=== Begin Enclosure ===

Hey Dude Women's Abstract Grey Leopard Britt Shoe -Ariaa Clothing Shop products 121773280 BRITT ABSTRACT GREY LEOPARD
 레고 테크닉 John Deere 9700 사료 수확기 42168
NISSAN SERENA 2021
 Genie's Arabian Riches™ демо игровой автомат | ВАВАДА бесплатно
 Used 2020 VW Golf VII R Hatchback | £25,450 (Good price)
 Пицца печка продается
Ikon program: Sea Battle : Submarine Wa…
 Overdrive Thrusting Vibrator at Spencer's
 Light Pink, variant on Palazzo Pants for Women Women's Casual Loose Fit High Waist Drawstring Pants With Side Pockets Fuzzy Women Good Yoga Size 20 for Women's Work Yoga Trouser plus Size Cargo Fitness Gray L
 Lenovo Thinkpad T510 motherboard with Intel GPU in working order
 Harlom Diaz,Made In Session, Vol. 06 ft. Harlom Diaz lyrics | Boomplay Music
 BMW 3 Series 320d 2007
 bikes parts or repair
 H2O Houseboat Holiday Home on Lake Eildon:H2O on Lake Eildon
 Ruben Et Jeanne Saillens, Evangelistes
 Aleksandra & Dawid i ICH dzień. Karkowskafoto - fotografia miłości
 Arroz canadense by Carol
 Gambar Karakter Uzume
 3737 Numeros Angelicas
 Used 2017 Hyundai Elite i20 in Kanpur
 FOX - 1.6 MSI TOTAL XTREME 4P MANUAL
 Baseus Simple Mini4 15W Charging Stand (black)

=== End Enclosure ===

## Task prompt
If a line falls between the first line of the records and the line containing "Overdrive Thrusting Vibrator at Spencer's", inclusive, repeat it exactly; leave out all others.

## Reply
Hey Dude Women's Abstract Grey Leopard Britt Shoe -Ariaa Clothing Shop products 121773280 BRITT ABSTRACT GREY LEOPARD
 레고 테크닉 John Deere 9700 사료 수확기 42168
NISSAN SERENA 2021
 Genie's Arabian Riches™ демо игровой автомат | ВАВАДА бесплатно
 Used 2020 VW Golf VII R Hatchback | £25,450 (Good price)
 Пицца печка продается
Ikon program: Sea Battle : Submarine Wa…
 Overdrive Thrusting Vibrator at Spencer's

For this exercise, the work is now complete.